On 14 May 1987 the Court of Appeal held a second hearing. The
proposal for a settlement was not accepted.
On 19 May 1985 the Court of Appeal asked the expert W. whether
he would again deliver an opinion. W. refused for health reasons on
28 May 1987.
On 1 June 1987 the applicant again urged the Court of Appeal to
render a judgment soon.
On 25 June 1987 the Court of Appeal set aside its decision on the
taking of evidence of 23 May 1985. It ordered that further expert
evidence be taken and appointed the expert F.
On 3 July 1987 the applicant objected to the appointment of the
expert F., and requested his statement in how far he had contacts with
the defendant.
On 28 August 1987 the files were submitted to the expert F. He
delivered his opinion on 12 November 1987.
On 24 November 1987 the applicant challenged the expert F. for
bias. The expert F. submitted further explanations on 17 December
1987. On 21 January 1988 the Court of Appeal dismissed the applicant's
motion of challenge. The applicant objected to that decision on
26 February, and filed further reasons on 15 March 1988. The Court of
Appeal dismissed these motions on 4 April 1988. The expert F. gave
further explanations on 18 May 1988. The applicant's third motion to
challenge F. was dismissed on 1 July 1988.
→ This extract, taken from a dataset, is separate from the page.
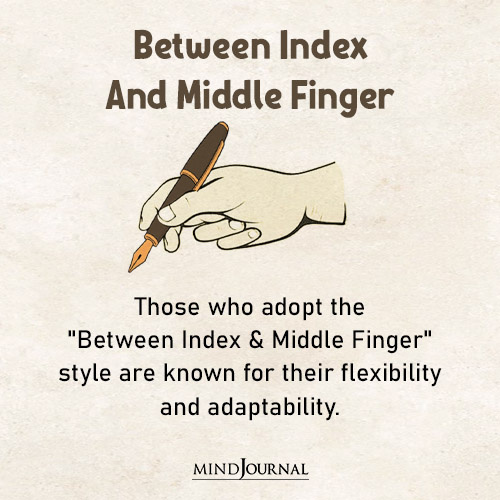 pen holding style personality test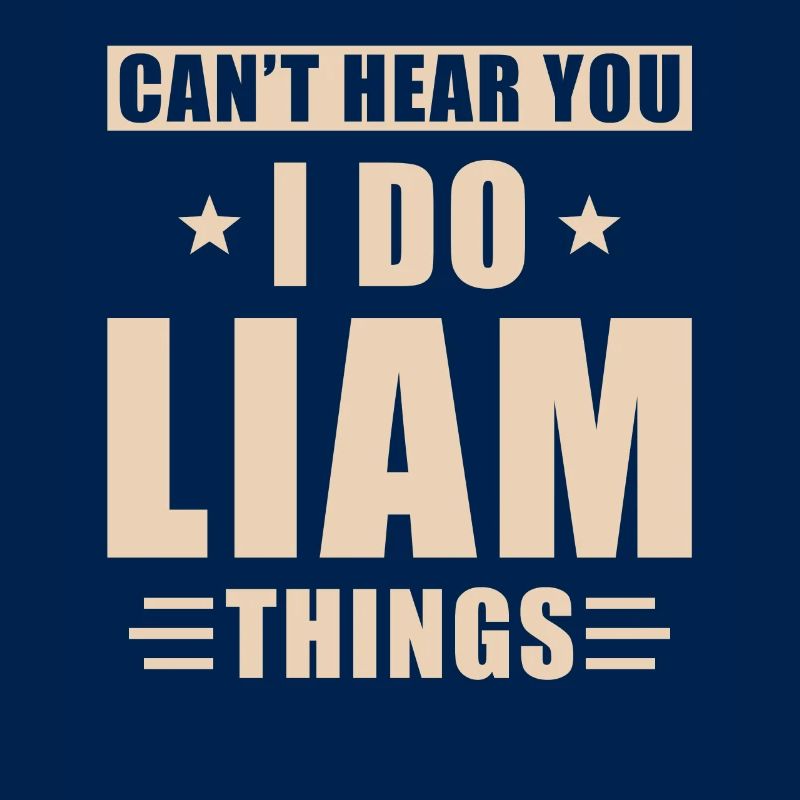 Liam choses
On 22 September 1988 the Court of Appeal, having heard the expert
F. in presence of the parties on 7 July 1988, ordered another expert
opinion and invited the parties to propose an expert to be appointed.
The defendant proposed four experts on 20 October 1988. It appears that
the parties eventually agreed on two possible experts.
On 29 November 1988 the Court of Appeal proposed a friendly
settlement of the case on the basis of the payments made by the
defendant so far, i.e. about DM 1.5 million.
On 6 February 1989 the Court of Appeal informed the parties that
another expert, namely Dr. S., had been asked to deliver the expert
opinion. The applicant objected to the appointment of Dr. S. and
challenged the judges of the 6th Chamber for bias. His motion was
dismissed by the 29th Chamber at the Court of Appeal on 22 March 1989.
On 6 April 1989 the applicant challenged the judges of the 6th
and 29th Chamber for bias. His motions were dismissed on 10 and 29 May
1989, respectively. His further objections were to no avail.
On 7 June 1989 the Court of Appeal appointed Prof. M., one of the
two experts agreed by the parties. On 2 July 1989 Prof. M. refused to
deliver an expert opinion.
On 11 July 1989 the Federal Constitutional Court (Bundes-
verfassungsgericht) refused to admit the applicant's constitutional
complaint (Verfassungsbeschwerde) dated 28 December 1988 concerning the
length of the proceedings. The Constitutional Court found that for the
time being the conduct of the proceedings by the Court of Appeal could
not be objected to, although it had not yet rendered a judgment.
The Constitutional Court recalled its jurisprudence according to
which there was a right to have court proceedings terminated within a
reasonable time. However, in examining the reasonableness of the
length in the particular circumstances of the case, the Constitutional
Court could not examine each procedural step, as every court had to
deal with numerous cases, and this necessarily resulted in delays of
the separate proceedings.
In the applicant's case the Constitutional Court considered that
it was not required to examine the delay before the hearing in March
1985, which had been due to the Appellate Court's workload, because the
applicant had not expressly raised this issue. In any case, the Chamber
concerned had in the meantime been unburdened. Furthermore, the late
statement of the Presiding Judge's Deputy about his being biased had
not resulted in any delays. The length of the proceedings was
essentially due to the fact that the Court of Appeal considered
extensive taking of evidence necessary, which did not appear arbitrary.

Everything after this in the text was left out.